I have seen proposals on this and although I haven't seen them in action, they could very well be done. This is called Computer Vision, it is a study of how data is received through visual light and then processed intelligently. Essentially the aim is to have a camera system not just gather images, but infer context/information from it. Usually when a camera reads images, it is gathering a large array or matrix of numeric color data. Using computational methods a system can observe changes in this numeric data and decipher trends. This is an aspect called machine learning, where statistical methods and error/cost analysis are used in tandem with a large set of known data to generate predictions. If you have heard of "Neural Nets" then this is a direct application for them. These models are trained by using a lot of already known data called data-sets. In your case there would be a bunch of images of people in their cars with corresponding label as to whether their seat-belt is on or off or if they are on their phone or not. This data is used to train or learn a model. If given enough good data in the right ways, the system could decide based on prior knowledge if a person is on their phone or not.

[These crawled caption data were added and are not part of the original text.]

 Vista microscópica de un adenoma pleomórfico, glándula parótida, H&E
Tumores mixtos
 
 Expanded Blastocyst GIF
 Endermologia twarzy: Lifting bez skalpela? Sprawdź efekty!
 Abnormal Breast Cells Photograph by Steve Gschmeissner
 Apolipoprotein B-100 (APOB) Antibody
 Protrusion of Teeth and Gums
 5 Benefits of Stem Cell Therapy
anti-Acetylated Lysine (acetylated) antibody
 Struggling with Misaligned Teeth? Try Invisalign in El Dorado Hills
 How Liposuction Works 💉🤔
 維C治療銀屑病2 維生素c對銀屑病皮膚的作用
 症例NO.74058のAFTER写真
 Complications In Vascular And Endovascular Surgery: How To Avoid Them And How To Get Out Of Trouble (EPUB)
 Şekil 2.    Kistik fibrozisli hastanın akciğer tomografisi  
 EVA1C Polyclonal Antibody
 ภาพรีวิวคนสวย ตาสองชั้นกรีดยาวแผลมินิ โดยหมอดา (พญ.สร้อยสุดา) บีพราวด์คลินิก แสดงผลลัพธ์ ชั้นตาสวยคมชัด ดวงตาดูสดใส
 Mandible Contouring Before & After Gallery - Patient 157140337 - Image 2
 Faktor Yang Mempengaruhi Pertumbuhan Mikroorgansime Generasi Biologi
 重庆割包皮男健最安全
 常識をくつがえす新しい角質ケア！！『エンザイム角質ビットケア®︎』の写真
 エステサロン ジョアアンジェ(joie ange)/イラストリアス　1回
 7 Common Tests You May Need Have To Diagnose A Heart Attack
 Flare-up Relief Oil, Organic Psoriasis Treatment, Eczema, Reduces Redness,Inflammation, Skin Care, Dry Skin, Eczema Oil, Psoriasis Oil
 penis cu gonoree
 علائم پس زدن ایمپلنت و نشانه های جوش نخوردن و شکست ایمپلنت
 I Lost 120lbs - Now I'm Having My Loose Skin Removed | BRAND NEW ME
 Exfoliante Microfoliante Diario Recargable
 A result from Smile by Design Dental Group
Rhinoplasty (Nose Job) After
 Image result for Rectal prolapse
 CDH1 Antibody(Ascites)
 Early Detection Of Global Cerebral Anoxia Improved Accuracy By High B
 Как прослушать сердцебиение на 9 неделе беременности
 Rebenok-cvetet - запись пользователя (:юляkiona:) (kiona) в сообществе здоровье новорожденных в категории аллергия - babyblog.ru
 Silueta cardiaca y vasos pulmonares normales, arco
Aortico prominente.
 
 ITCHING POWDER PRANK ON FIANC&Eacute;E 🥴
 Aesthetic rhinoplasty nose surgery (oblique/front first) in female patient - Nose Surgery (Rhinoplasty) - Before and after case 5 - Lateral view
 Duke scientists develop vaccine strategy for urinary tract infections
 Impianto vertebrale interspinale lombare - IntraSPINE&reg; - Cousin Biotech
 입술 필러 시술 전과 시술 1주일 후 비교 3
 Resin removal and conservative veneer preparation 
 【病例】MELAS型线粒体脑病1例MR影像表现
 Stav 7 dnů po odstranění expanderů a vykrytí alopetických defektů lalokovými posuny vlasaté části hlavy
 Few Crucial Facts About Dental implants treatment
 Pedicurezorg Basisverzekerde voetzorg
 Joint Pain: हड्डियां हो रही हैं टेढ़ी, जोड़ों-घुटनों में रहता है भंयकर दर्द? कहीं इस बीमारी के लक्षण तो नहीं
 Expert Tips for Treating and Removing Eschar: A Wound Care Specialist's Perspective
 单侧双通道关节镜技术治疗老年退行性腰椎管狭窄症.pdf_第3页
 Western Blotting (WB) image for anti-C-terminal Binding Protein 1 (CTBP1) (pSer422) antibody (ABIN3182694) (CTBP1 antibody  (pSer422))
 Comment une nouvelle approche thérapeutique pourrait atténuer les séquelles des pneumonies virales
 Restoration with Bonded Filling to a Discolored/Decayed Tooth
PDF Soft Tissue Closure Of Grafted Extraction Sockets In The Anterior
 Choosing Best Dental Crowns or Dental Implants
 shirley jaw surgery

It gets a lot more complex as there are lots of steps to getting a successful system but that's the gist. Essentially a street camera will gather the raw data and offload it either to a networked device or local device to process the prediction.
If you are more curious I can expand on any of the above. Also, check this out https://github.com/tensorflow/models/tree/master/research/object_detection
This is a common framework that I used for traffic sign detection/recognition through cameras.